His approach was virtually silent until he was almost to her, when at the sound of his feet on the soft grass, she made a lazy glance over her shoulder. He joined her at the fence and took in the sight of the field that sloped down below them, like the bottom of a bowl almost completely covered by a hovering morning mist. He could hear birds calling but could not see them, and the occasional bay of one of his three shaggy-haired cows. To their right the sun was beginning to rise over the hazy orchard.
"I missed this," she said suddenly. "How beautiful the land can be in the morning."
He looked at her, standing there with the sun rising behind her, and tried to think of something to say. She was right, it was particularly lovely this morning. He wondered where she had been that she had been missing something like this, something he tended to take for granted every day.
Aurel heaved a great sigh beside him and closed her eyes. She had that look again, that sad, private look that told him she was mourning something, or perhaps someone. He had felt the look on himself, mourning his mother, and in the past seen it on his mother's face, perhaps mourning the loss of her sanity. He longed to ask her if there was something he could do, but he had the distinct feeling that there was nothing, nothing at all he could do or say. It made him feel somewhat lacking, powerless. The feeling didn't confuse him, he was not the type to question his own emotions, nor lie to himself in refusing to believe he was very drawn to her. He had a great wish to protect her from whatever she had been through, or the memory of it at least. Whether or not Aurel was aware of how he was increasingly captivated by her, he did not know. She might understandably be too wrapped up in her own thoughts to take much notice of anyone outside of them, for the time being at least.
"Luca," she said suddenly. It was difficult to see her face; it was but a shadow before the rising sun, outlined in a halo of honey-gold hair that lifted around her head in a light breeze. "Will you let me stay here a while?"
His nod was quick, it made her giggle, the first sound of mirth from her. She settled back to look over the field.
"I'll help work of course," she said. "Just teach me what to do, I'd love to get to know this place."
"Here? Are you sure you wouldn't rather work in town? I have to go down everyday anyway, and I'm sure we could find you something-"

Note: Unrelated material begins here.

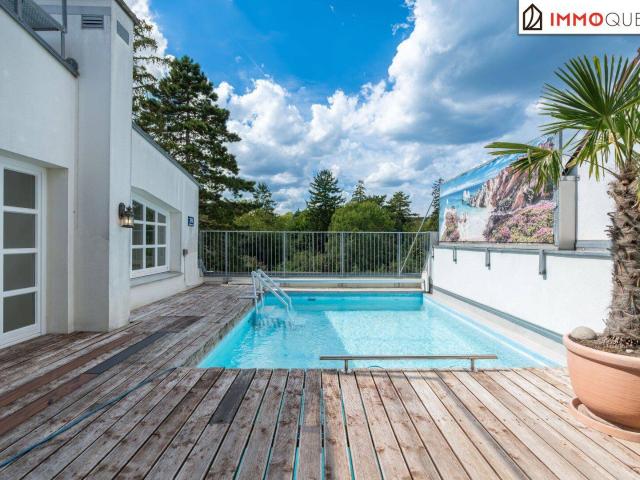 Wohnen mit Weite und Privatsphäre Großzügige Dachgeschosswohnung mit privatem Pool, Sauna und außergewöhnlichem Raumgefühl in begehrter Wiener Wohnlage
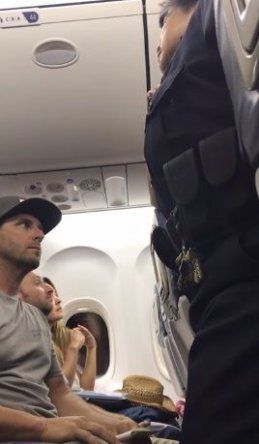 Familia es expulsada de avión de Delta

"No. I like it here, and this place needs someone more than that town does I'm sure. Your apples are sagging from your trees, your flowerbeds are overgrown, and your house is dark and empty."
"You said you liked the house," he mumbled.

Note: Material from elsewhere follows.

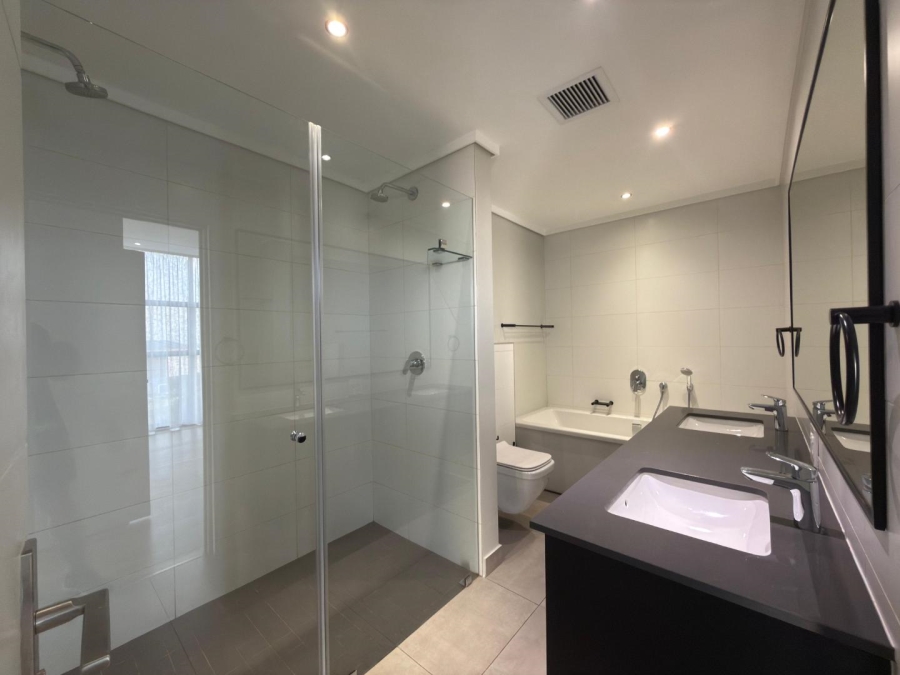 To Let 2 Bedroom Property for Rent in Midfield Estate Gauteng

"I do, when there are people in it." Her smile was as light as her fingers on his arm. They both looked back at the cottage and Luca was forced to admit that even in the sunlight it did look empty and dark from here, closed off and without light from within. It looked much as it did every evening he'd come home since his mother had died.
"You go do your work in the town, but I'd rather stay away from that place," Aurel said, as they both turned back towards the house.
"I don't like to be around people," she answered softly. "I've been too separated from them, it makes me feel like a bit of an outcast."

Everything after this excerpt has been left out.